Les papes, surtout Pie XII, ont parlé de la terre. (Cf. « Problèmes agricoles et ruraux », Editions de Solesmes) :

« La crainte de Dieu, la confiance en Dieu, la foi vive qui trouve son expression quotidienne dans la prière commune de la famille, régissent et guident la vie des travailleurs des champs ; l’église reste le cœur du village, le lieu sacré, qui suivant les traditions des Pères, réunit chaque dimanche les habitants, dans la louange et le service de Dieu, en lui demandant la force de penser et de vivre chrétiennement tous les jours de la semaine qui commence.

Qualités de l’agriculteur

C’est à vous qu’il appartient de montrer que l’exploitation agricole, précisément à cause de son caractère familial, n’exclut pas les réels avantages des autres formes d’exploitation et en évite les inconvénients. Montrez-vous donc toujours intelligents, attentifs, actifs dans le soin de la terre natale, toujours travaillée, jamais exploitée au mauvais sens du terme. Montrez-vous réfléchis, parcimonieux, ouverts au progrès, dans l’emploi généreux de votre propre capital et de celui des autres, dans la mesure favorable au travail, mais non préjudiciable à l’avenir de votre famille.

(…) Le péché a rendu pénible le travail de la terre, mais ce n’est pas lui qui l’a introduit dans le monde. Avant le péché, Dieu avait donné à l’homme la terre à cultiver, comme l’occasion la plus belle et la plus honorable dans l’ordre naturel. » Pie XII, 15 novembre 1946

L’enthousiasme dans le travail

« Travailler à la sauvegarde de l’agriculture française, n’est-ce pas un idéal aussi beau, aussi noble, aussi élevé que celui du savant, de l’explorateur, du missionnaire, ou autrefois, celui du chevalier ! Car le paysan est à la base de la société et sans lui, rien ne saurait survivre ! » Abbé Philbert Rigault : Le bon travail (p. 22)

Le travail

Ne pouvant transcrire plusieurs des pages du bon ouvrage de l’abbé Rigault sur cette notion, je renvoie le lecteur aux pages p. 37 – 41 (Le bon travail, aux Éditions de Chiré)
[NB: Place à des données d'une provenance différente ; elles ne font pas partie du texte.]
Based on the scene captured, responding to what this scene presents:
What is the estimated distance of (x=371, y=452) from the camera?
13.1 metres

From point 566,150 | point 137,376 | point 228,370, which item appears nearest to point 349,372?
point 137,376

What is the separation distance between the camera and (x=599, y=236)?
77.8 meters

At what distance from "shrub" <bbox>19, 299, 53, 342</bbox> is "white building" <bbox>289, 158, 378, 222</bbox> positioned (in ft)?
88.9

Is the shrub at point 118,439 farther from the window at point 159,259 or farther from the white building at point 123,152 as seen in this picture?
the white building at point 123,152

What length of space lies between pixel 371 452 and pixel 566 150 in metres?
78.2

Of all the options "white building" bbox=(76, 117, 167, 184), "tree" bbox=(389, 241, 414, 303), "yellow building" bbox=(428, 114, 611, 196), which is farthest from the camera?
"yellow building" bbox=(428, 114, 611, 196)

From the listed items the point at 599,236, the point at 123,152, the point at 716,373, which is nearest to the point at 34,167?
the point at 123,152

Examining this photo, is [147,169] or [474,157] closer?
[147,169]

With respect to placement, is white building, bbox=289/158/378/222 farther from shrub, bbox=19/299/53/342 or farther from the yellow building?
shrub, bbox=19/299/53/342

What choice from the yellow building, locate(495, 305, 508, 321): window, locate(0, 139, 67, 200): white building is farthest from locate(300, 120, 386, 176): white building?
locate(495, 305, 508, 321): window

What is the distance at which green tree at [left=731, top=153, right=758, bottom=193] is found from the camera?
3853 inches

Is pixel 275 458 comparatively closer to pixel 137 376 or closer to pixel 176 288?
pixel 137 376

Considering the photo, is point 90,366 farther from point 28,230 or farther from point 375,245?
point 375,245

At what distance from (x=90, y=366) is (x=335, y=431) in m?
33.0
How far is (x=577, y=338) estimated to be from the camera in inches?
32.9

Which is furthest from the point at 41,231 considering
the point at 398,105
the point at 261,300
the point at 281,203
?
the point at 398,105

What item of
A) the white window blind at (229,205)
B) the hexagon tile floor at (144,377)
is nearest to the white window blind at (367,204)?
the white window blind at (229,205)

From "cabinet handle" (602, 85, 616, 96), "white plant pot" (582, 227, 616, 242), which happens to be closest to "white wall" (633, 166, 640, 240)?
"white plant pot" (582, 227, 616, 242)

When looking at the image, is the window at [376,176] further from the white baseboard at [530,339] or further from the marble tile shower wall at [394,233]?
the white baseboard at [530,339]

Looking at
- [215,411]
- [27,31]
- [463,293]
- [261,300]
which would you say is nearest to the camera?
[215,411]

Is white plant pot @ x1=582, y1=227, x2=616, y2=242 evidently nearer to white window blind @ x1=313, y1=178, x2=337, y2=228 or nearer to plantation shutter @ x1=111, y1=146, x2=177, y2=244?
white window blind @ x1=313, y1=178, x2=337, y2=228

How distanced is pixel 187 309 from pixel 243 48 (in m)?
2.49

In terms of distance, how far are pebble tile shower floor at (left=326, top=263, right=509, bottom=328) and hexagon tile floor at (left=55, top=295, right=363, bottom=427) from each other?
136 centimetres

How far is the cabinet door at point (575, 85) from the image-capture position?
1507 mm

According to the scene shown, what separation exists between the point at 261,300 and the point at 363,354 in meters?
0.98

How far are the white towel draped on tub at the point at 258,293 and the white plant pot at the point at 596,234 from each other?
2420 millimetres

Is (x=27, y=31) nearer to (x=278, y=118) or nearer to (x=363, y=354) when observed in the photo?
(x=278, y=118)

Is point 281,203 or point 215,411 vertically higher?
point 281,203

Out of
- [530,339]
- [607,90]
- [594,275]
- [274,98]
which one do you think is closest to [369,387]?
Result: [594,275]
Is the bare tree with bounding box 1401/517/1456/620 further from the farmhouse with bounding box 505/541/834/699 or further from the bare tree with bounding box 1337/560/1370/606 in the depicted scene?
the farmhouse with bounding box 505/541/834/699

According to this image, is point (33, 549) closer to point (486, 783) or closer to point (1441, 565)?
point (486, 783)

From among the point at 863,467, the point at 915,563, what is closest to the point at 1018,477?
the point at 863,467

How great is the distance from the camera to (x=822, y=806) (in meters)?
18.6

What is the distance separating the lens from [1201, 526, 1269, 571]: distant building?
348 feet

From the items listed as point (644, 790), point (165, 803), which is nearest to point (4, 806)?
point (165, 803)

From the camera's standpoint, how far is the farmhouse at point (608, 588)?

« Tu gagneras ton pain à la sueur de ton front », tel est l’enseignement de Dieu après la transgression de nos premiers parents.

Le monde de la machine ne peut, ne doit remplacer l’apprentissage de l’effort personnel. « Certes, conclut-il, on ne revient pas en arrière, nous ne voulons ni ne pouvons retourner à l’âge des cavernes. Nous acceptons la machine comme d’une béquille perfectionnée et nous en usons comme d’un vêtement. De cette manière, aussi bas que nous soyons tombés dans la complexité de notre organisation, nous pouvons remonter, lentement et pas à pas, vers la simplification de la vie. En mettant un frein à notre penchant pour la facilité matérielle, en refaisant l’apprentissage de l’effort personnel. » (p. 41)

 

Pour conclure cette partie, écoutons, lisons ce qu’en 1945, Bernanos disait : « On ne comprend rien à la civilisation moderne si l’on n’admet pas d’abord qu’elle est une conspiration universelle contre toute espèce de vie intérieure. »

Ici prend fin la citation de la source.